───── RAW DATA ─────
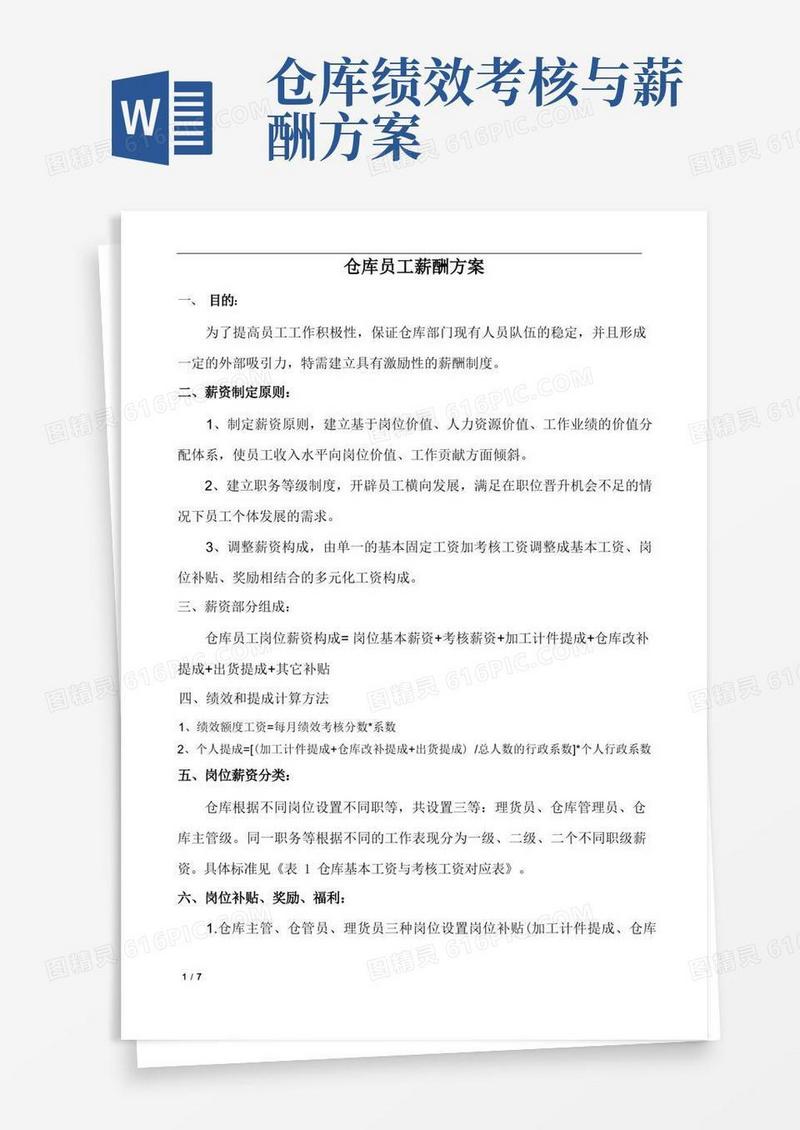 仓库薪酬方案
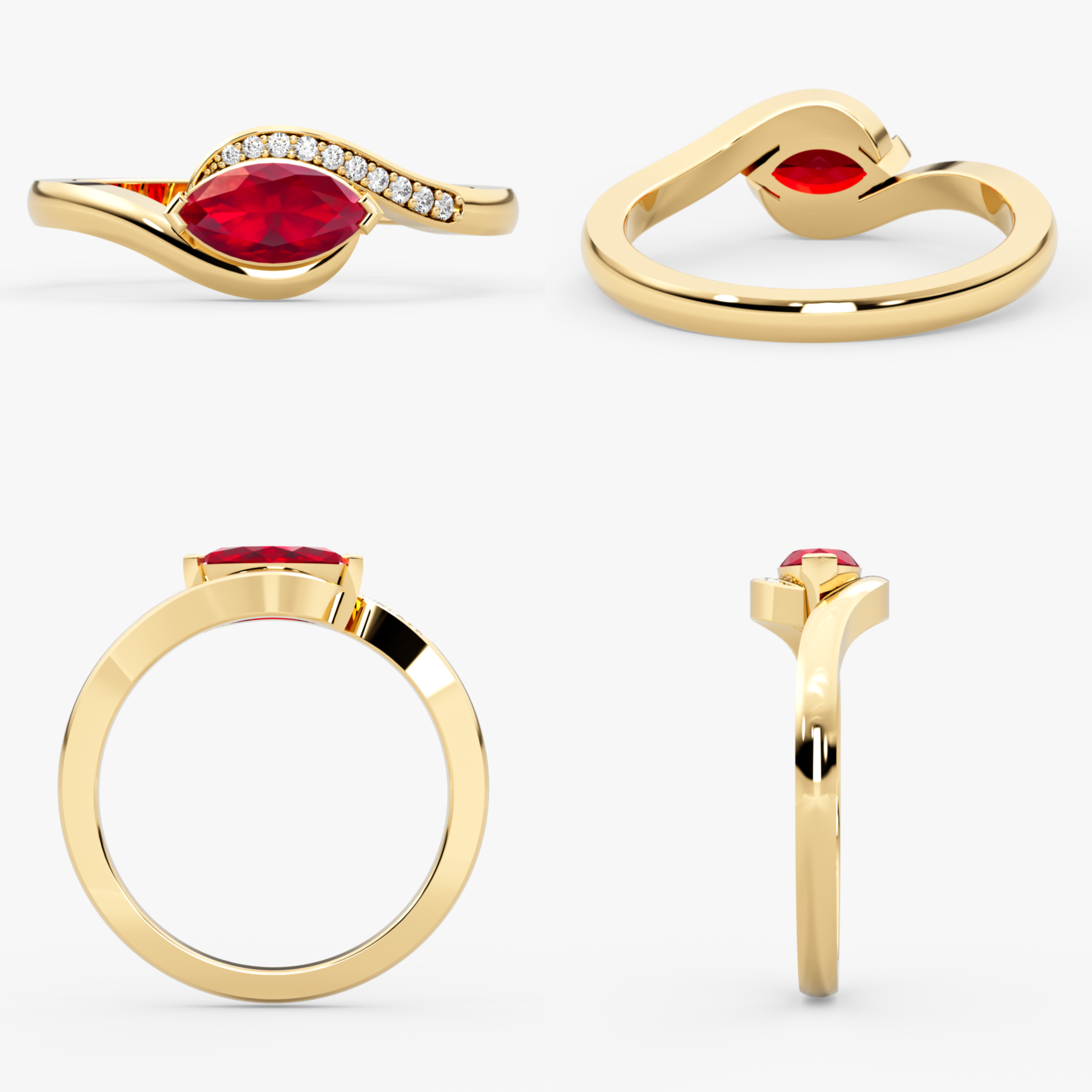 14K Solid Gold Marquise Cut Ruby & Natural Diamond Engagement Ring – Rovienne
─────
───── RAW DATA ─────
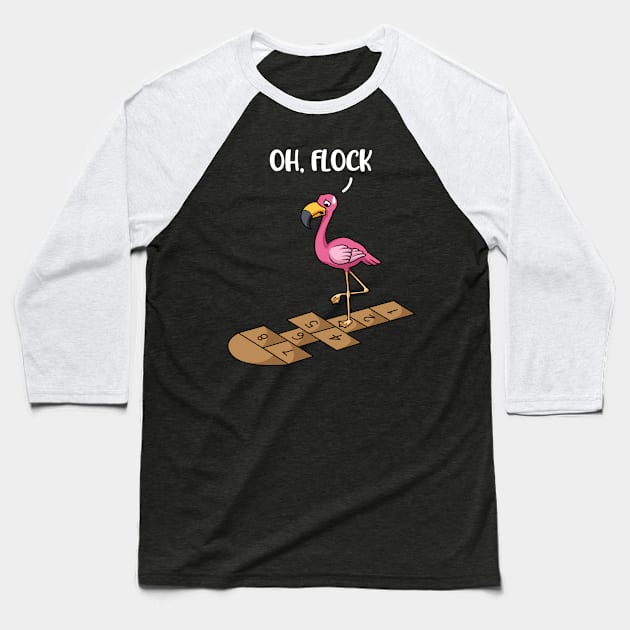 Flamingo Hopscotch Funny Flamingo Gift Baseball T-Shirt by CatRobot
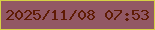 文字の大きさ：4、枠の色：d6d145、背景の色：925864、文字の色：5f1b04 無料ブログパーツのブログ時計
─────
- _WORK TO BE COMPLETED_: Look above for the line with "Flamingo Hopscotch Funny", then print it and each line after it down to and including the line with "文字の大きさ：4、枠の色：d". Leave out the pictures and keep the wording exact.

- _WRITTEN REPLY_:
 Flamingo Hopscotch Funny Flamingo Gift Baseball T-Shirt by CatRobot
 文字の大きさ：4、枠の色：d6d145、背景の色：925864、文字の色：5f1b04 無料ブログパーツのブログ時計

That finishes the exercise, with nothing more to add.